Ocurre en muchas ocasiones que los criterios de evaluación de las actividades humanas están claramente equivocados.
Cuentan que había un leñador que fue contratado para trabajar en una empresa dedicada a la fabricación de muebles. Su tarea iba a ser la de “cortado de árboles”. El trabajo era duro, pero las condiciones salariales eran buenas y además el puesto de trabajo se encontraba en un lugar cercano a su residencia. Por tanto, el leñador se propuso hacer un buen trabajo. El primer día se presentó al capataz, que le dio un hacha y le asignó una zona del bosque. El hombre, entusiasmado, salió al bosque a talar árboles. En un solo día cortó dieciocho árboles. Te felicito -le dijo el capataz-. Sigue así. Animado por las palabras del capataz, el leñador se decidió a mejorar su propio trabajo al día siguiente.
Por la mañana el leñador se levantó muy pronto llegando al trabajo incluso antes de la hora de inicio de la jornada. Estaba totalmente comprometido y decidido a superar la marca del día anterior. Sin embargo, y a pesar de todo su empeño, no consiguió cortar más de quince árboles. -Debo estar cansado -pensó. Y decidió acostarse con la puesta de sol.
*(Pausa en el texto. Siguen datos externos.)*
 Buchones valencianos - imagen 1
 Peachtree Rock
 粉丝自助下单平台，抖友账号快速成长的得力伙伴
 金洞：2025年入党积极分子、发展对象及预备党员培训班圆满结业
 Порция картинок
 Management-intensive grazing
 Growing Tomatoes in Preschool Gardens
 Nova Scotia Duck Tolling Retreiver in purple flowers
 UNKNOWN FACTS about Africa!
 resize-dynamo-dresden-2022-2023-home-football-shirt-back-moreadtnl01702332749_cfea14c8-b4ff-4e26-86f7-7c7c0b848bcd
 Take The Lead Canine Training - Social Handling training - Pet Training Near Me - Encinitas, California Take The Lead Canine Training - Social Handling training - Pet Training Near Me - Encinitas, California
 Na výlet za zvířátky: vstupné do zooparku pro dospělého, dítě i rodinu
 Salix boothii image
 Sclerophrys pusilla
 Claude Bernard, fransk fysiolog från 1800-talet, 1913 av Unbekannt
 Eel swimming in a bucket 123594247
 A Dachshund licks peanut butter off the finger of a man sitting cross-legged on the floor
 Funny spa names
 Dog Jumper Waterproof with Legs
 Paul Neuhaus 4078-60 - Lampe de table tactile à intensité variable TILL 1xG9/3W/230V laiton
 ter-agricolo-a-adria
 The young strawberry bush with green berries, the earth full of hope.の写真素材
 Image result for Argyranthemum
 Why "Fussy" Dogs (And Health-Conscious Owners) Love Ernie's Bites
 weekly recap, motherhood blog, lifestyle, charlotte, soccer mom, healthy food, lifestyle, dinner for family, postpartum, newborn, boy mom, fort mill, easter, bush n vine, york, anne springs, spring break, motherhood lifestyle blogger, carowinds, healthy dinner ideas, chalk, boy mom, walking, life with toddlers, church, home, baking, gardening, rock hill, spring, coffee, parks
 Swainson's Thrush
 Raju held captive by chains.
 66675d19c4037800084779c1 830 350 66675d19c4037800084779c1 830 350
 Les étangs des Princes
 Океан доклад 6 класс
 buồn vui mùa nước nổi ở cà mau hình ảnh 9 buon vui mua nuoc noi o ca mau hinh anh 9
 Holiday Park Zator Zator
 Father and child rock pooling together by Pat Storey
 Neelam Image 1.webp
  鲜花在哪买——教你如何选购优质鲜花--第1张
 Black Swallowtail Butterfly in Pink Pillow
Al día siguiente se levantó todavía más decidido a batir su marca de dieciocho árboles. Sin embargo, ese día no llegó ni a la mitad. Luego fueron siete, luego cinco, y el último día estuvo toda la tarde tratando de talar su segundo árbol. Inquieto por lo que diría el capataz, el leñador fue a contarle lo que le estaba pasando y a jurarle y perjurarle que se estaba esforzando hasta los límites del desfallecimiento.
El capataz le preguntó: ¿Cuándo afilaste tu hacha por última vez? Y su respuesta fue: -Afilar, no he tenido tiempo para ello. He estado demasiado ocupado talando árboles-.
Lo dicho: no se trata sólo de esfuerzo ni de compromiso. Ambos no tienen sentido si no disponemos de criterios para definir la eficacia y eficiencia en las actividades que desarrollamos y de sistemas de evaluación adecuados.